In hitching its wagon to the NBA Finals, YouTube TV is all but guaranteed to reach some of the year's biggest, most engaged live audiences. According to Nielsen live-plus-same-day data, the deciding Game 5 of the 2017 Warriors-Cavs series on ABC averaged 24.5 million viewers and a 13.5 household rating, making it the year's 23rd most-watched and highest-rated TV broadcast.
In retrospect, YouTube TV may have indicated that it had its eye on the NBA championship series when it dropped a new promo starring Golden State power forward Draymond Green during ABC's coverage of the Jan. 27 Celtics-Warriors game. Developed by ESPN CreativeWorks, the swashbuckling spot is exclusive to ESPN and its broadcast sibling, airing only during the networks' live NBA coverage and "SportsCenter." Given that ABC has carried the NBA Finals since 2003 and Green's Warriors are 5/7 favorites to win their third title in four years, YouTube probably couldn't have picked two better-positioned partners to help it hype up its virtual MVPD.
Since the year began, 57 percent of YouTube's TV ad impressions have been generated by its in-game NBA buys. According to iSpot.tv estimates, 98 percent of the skinny bundle's 2018 ads have aired in live sports or shoulder programming, a category that includes "SportsCenter" and various pre- and post-game shows.
The NBA characterized the YouTube TV pact as another milestone in an alliance that began back in 2005. And while pro hoops already boasts the youngest fan base of any major sport, the league is "never one to rest on [its] laurels," says NBA Senior VP, Global Media and Business Development Dan Rossomondo. "Even while we're the youngest-skewing league, we're always looking for ways to innovate how we broadcast our games."
The NBA Finals tip off on ABC on Thursday, May 31. In the interest of not cannibalizing ABC's commercial impressions, subscribers who tune into the championship series via YouTube TV will be exposed to the same ad load that runs in the national broadcast feed. How the two hourly minutes of local ad time shake out remains to be seen; since tipping off in April 2017, YouTube TV has yet to wrestle that inventory from the cable and satellite operators. ESPN, which brokers ABC's sports sales (and books billions of dollars each year in carriage fees) did not comment on the matter.
While the financial underpinnings of the NBA Finals deal were not disclosed, the agreement in some ways resembles the deal YouTube TV hashed out in early October with Major League Baseball. Under that particular arrangement, Google's skinny bundle agreed to air a number of promotional spots throughout Fox's coverage of the 2017 Fall Classic.

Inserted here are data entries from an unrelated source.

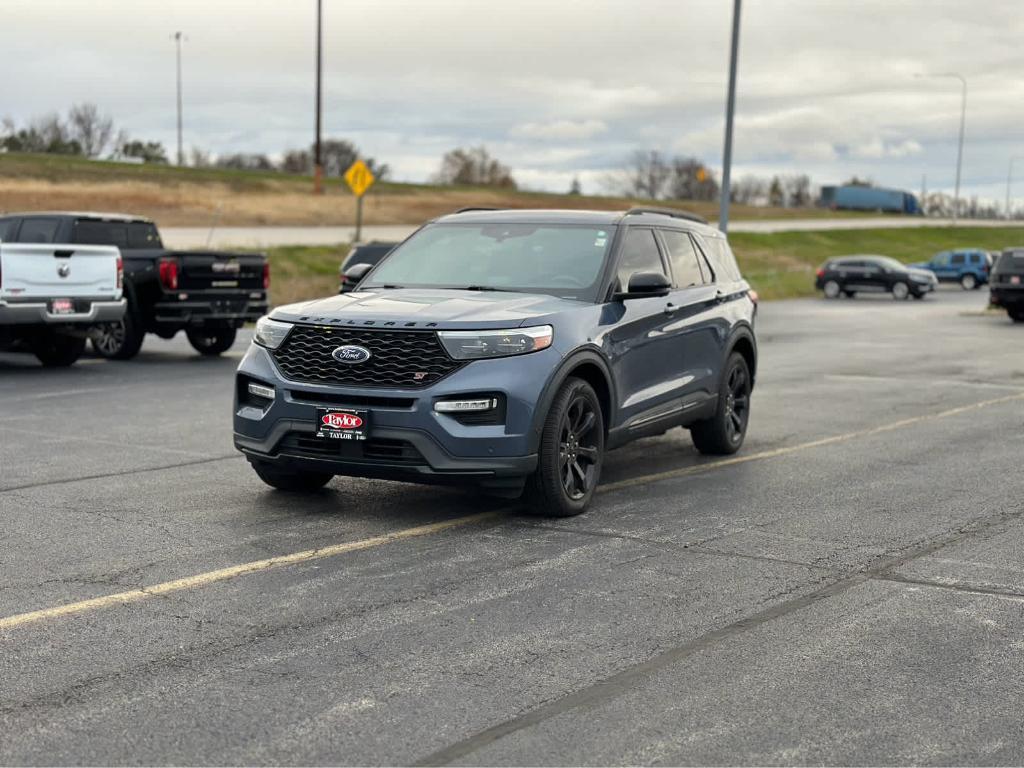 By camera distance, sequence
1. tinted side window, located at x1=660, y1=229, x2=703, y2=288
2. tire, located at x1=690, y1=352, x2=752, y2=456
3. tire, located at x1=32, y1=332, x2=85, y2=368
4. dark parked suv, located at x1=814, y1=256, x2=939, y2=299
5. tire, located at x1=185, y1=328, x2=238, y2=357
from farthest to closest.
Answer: dark parked suv, located at x1=814, y1=256, x2=939, y2=299 → tire, located at x1=185, y1=328, x2=238, y2=357 → tire, located at x1=32, y1=332, x2=85, y2=368 → tire, located at x1=690, y1=352, x2=752, y2=456 → tinted side window, located at x1=660, y1=229, x2=703, y2=288

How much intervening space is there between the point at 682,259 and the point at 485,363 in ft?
9.86

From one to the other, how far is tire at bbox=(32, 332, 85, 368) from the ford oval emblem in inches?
407

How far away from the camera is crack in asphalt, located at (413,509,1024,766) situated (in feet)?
14.6

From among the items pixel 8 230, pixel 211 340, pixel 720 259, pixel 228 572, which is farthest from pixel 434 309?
pixel 211 340

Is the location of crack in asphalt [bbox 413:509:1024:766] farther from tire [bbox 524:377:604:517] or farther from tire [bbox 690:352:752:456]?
tire [bbox 690:352:752:456]

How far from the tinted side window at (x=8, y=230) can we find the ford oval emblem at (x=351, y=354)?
1174 centimetres

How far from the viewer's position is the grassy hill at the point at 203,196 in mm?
51312

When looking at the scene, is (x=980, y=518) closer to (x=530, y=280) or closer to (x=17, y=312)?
(x=530, y=280)

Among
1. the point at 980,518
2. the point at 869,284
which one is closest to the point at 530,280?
the point at 980,518

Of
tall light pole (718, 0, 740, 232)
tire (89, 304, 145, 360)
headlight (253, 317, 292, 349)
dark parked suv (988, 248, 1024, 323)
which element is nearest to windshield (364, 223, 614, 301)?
headlight (253, 317, 292, 349)

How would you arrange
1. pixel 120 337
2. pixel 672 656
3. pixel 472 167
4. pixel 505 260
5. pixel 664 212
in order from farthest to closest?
pixel 472 167, pixel 120 337, pixel 664 212, pixel 505 260, pixel 672 656

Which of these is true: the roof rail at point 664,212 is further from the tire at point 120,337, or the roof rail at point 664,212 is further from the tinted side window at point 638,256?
the tire at point 120,337

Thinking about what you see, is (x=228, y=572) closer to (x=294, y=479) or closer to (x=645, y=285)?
(x=294, y=479)

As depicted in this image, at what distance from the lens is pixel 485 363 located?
7609mm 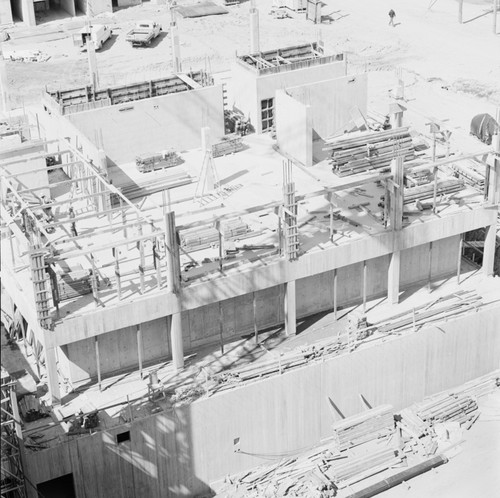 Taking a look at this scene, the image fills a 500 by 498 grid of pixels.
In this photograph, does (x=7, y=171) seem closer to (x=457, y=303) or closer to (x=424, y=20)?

According to iSpot.tv data, Fox ran three YouTube TV spots during the course of the seven-game series, for a grand total of 17 airings. Thirteen of the units purchased by YouTube were devoted to a 30-second spot featuring a pair of shortstops (the Astros' Carlos Correa and the Dodgers' Corey Seager) celebrating dingers they'd hit earlier in the playoffs. YouTube also ran a two-minute live spot that aired on Oct. 24, just before the first pitch of Game 1, and invested in five-second interstitials that aired in the run-up to Games 4 and 5, during Fox's national college football and NFL coverage.
"Partnering with the NBA is a slam dunk for YouTube TV members," says Angela Courtin, global head of YouTube TV & Originals Marketing. "We are excited to bring to life our cable-free live TV service during one of the most watched sports events of the year."
Last month, YouTube TV announced it was bolstering its suite of sports content with the addition of NBA TV and MLB Network, bringing the total number of networks it currently offers to 60.
YouTube TV's partnership extends to next month's NBA G League Finals and the fall WNBA Finals. ESPNU will carry the NBA's minor league title tilt, and the WNBA championship series will alternate between ABC, ESPN and ESPN2.